■ PROBLEM ■
Exact copy without images: repeat every entry as written.

────────────────────────────────────────

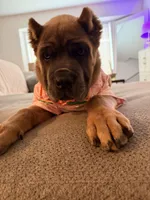 Zula , a female Cane Corso for sale in Seattle, WA – Photo 8 of 9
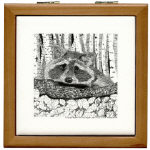 Raccoon Pen and Ink Tile/Coaster Box by NANCE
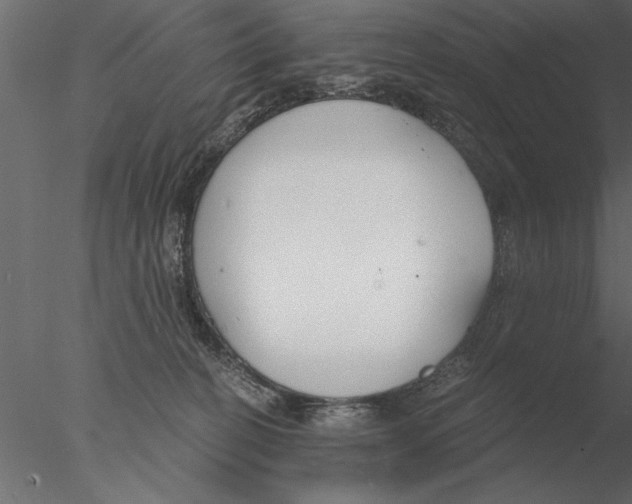 X0000076390274200611031703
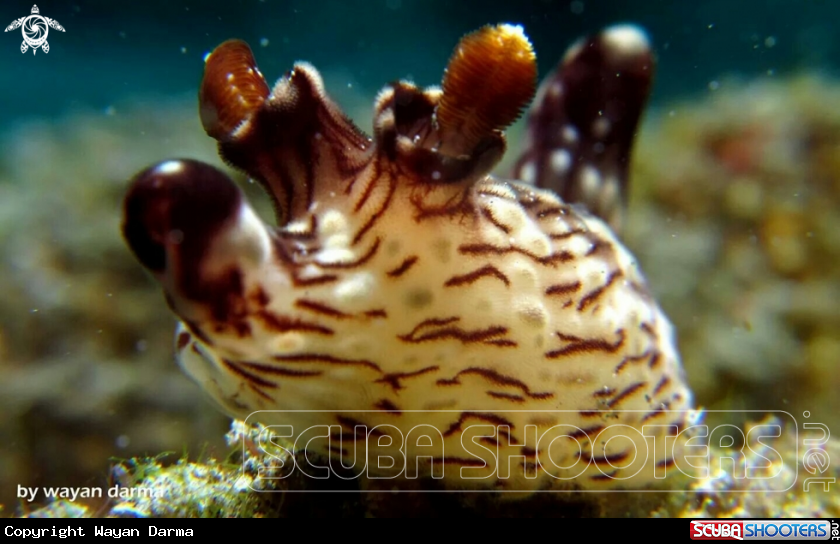 A Mickey mouse nudi 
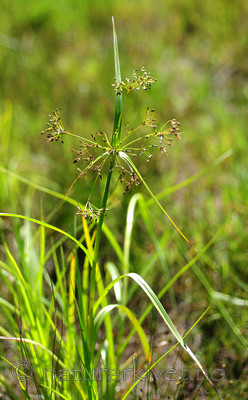 SIR_2377 / Scirpus radicans / Buesivaks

────────────────────────────────────────

■ SOLUTION BELOW ■
 Zula , a female Cane Corso for sale in Seattle, WA – Photo 8 of 9
 Raccoon Pen and Ink Tile/Coaster Box by NANCE
 X0000076390274200611031703
 A Mickey mouse nudi 
 SIR_2377 / Scirpus radicans / Buesivaks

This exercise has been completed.